This section directly follows the first segment from this essay.
A few months ago, a similar thing happened to me. I was out at an event with some friends, including a guy I had a met few times, had lots of great talks with, and who was, that evening, flirting with me. To some extent he knew me, knew about my blindness, had seen me at several different events and get-togethers before this. That night, our group took a bathroom break and the guy asked me, “Do you need help in there?”
The crazy part? This was not a total anomaly. It’s happened before this particular instance. And will probably happen since.
He didn’t mean it this way, I’m sure, but it felt dehumanizing. I suddenly saw that though we’d had great discussions about science, censorship, and talked about our lives and our histories, he saw me as someone who couldn’t find her way around a bathroom. It made me seriously question his intentions in the flirting. Like many other women with disabilities, I get hit on by a lot of guys who want to feel like they’re your savior or the only one who’d want you so you’d always be indebted to them. Even though I don’t think this particular guy was consciously doing this, it did make me think back to times when it had been more clear and obvious.
I’ve tried to discuss this with sighted friends, about the power dynamics that come along with getting hit on by the types of creepy guys who are attracted not to individual people who happen to be blind or disabled, but to the disability, like they’re looking for someone, something, helpless. Some get it, some don’t. Some say we all get hit on by creeps. It’s true, everyone has experienced that, but it takes it to a new level of weirdness to be hit on by someone who thinks you need his help to use the bathroom.
This is the second installment from this essay. I worry that it’s too bitchy, but you know what? When you have to deal with ignorant shit on a daily basis, sometimes you get bitchy. This essay addresses the central thought that sometimes, as a blind person, I don’t feel seen as fully human. Funny, “3 Libras” by A Perfect Circle was just playing on my iTunes, with the line repeating line, “You don’t see me at all,” and there’s some ironic truth in that.
More to come.
Read more about Blind Alien Nation and other essays, and check out other Samples, including Older Works and Published!

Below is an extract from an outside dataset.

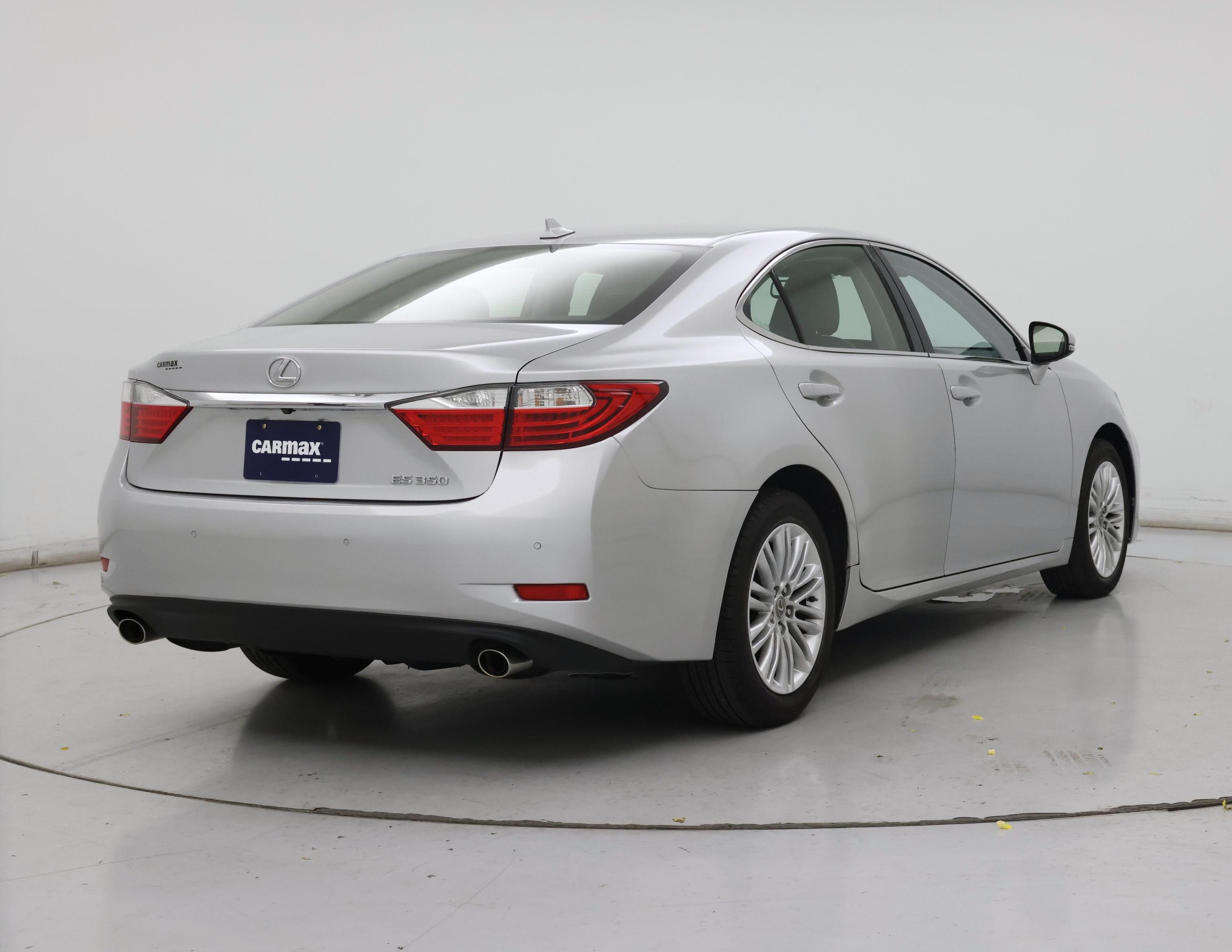 Thumbnail: 2014 Lexus ES - 8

P.S. Other excerpts from Blind Alien Nation:
I shared this post…I think the biggest point is the courage to see that some people are just looking for someone helpless to get into their clutches…for any of us and likely more for those w a disability. What this says about them is a whole other story.
I’m glad that you are writing about this. I wonder what kind of help people think that you might need in bathroom…my first guess has more the issue of knowing where things are than wiping your ass! It’s a delicate subject. And a good one to be addressed.

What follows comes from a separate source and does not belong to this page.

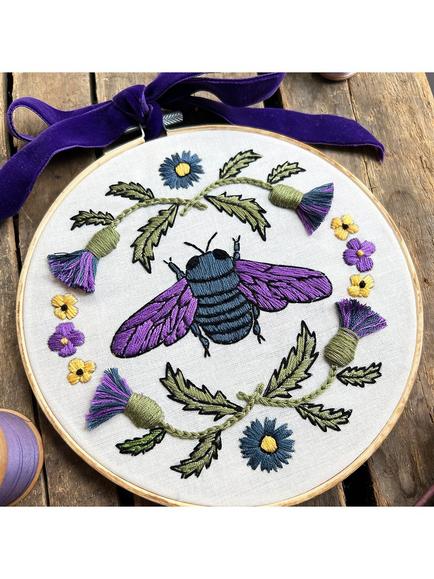 MakeBox & Co Violet Bee Embroidery Hoop Kit,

When I see a post that i like, your blog still asks me to sign into WP w user name and password…and I never can remember them…I have too many!
I hope things are wrapping up well at school! Where are you in the process?
Or it could be “broken wing syndrome,” which is basically people who go after someone who’s hurt or damaged in some way (I don’t want to liken blindness to being “damaged,” but hopefully you can substitute your own term to see what I mean), because they think they can fix things. You see it more with women who are attracted to bad boys because they think they’re “sensitive” and can be fixed with just a little bit of love and kindness–when really they’re just assholes with legal/drinking problems. But I guess it can work for guys, too. I think it’s less about control and more about feeling wanted or needed, that being overly altruistic and not going after the “simpler” catch somehow makes you a better person.
That or he could just be ignorant. Many people bend way over backward for the disabled lest they be accused of being inconsiderate.
There are some males that have the desire to rescue females with disabilities or any female. Then there are others who think they are doing you a favor by flirting with you because as they see it you should be appreciative. In their eyes you have the participation of desperation following you. Those coming to you in truth will get to know as a person not a disability. We have to look at life in reality not as a game. But life is played as a game by many people. Dating is a complicated course to run through. Marriage can even be a challenge when children are involved. Our self-esteem should never be compromised by anybody. People do what we allow them to do to us. I have dealt with ignorance on a daily basis for decades. Lessons learned!!! Enjoyed the article! It was a blast from my past that you experienced.
OMG. o__o *crickets chirping*
I’m trying to think of a worse line than “do you need help in the bathroom?” for someone you’re flirting with, but that’s pretty much top of the list.
I think I just posted the same thing twice because the other one wasn’t showing up. Apologies. You can delete.